Franz Magnis juga menyebut pluralitas keyakinan sebagai ciri masyarakat yang tidak dapat dihindari, perlu diterima dengan baik, positif, tanpa merasa terancam. Akan tetapi, perlu disadari pula bahwa pluralisme berarti mengakui bahwa semua agama sama.
Pluralisme seperti itu sebenarnya tidak plural karena kalau semua agama sama benarnya, maka sebenarnya tidak ada perbedaannya. "Justru pluralitas di Indonesia itu sangatlah luar biasa," katanya.
Ia mengatakan, dari Sabang sampai Merauke, bangsa yang sedemikian majemuk seperti bangsa Indonesia hanya akan bersatu apabila semua dapat memandang negara sebagai rumahnya sendiri, milik sendiri, tempat di mana identitas kultural dan religius masing-masing komunitas tidak terancam.

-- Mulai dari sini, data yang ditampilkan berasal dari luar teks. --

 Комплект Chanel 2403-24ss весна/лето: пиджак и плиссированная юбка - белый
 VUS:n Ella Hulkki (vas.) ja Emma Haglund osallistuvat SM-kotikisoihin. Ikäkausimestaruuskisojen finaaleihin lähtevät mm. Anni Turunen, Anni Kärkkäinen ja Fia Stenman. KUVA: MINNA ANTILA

Sedangkan Prof Dr Machasin MA dari Universitas Islam Negeri Yogyakarta berpendapat bahwa seharusnyalah orang menghilangkan penggambaran pengikut agama lain sebagai musuh. Ini agar umat beragama dapat hidup dalam kemajemukan secara harmonis walau untuk mencapai hal ini tidaklah mudah.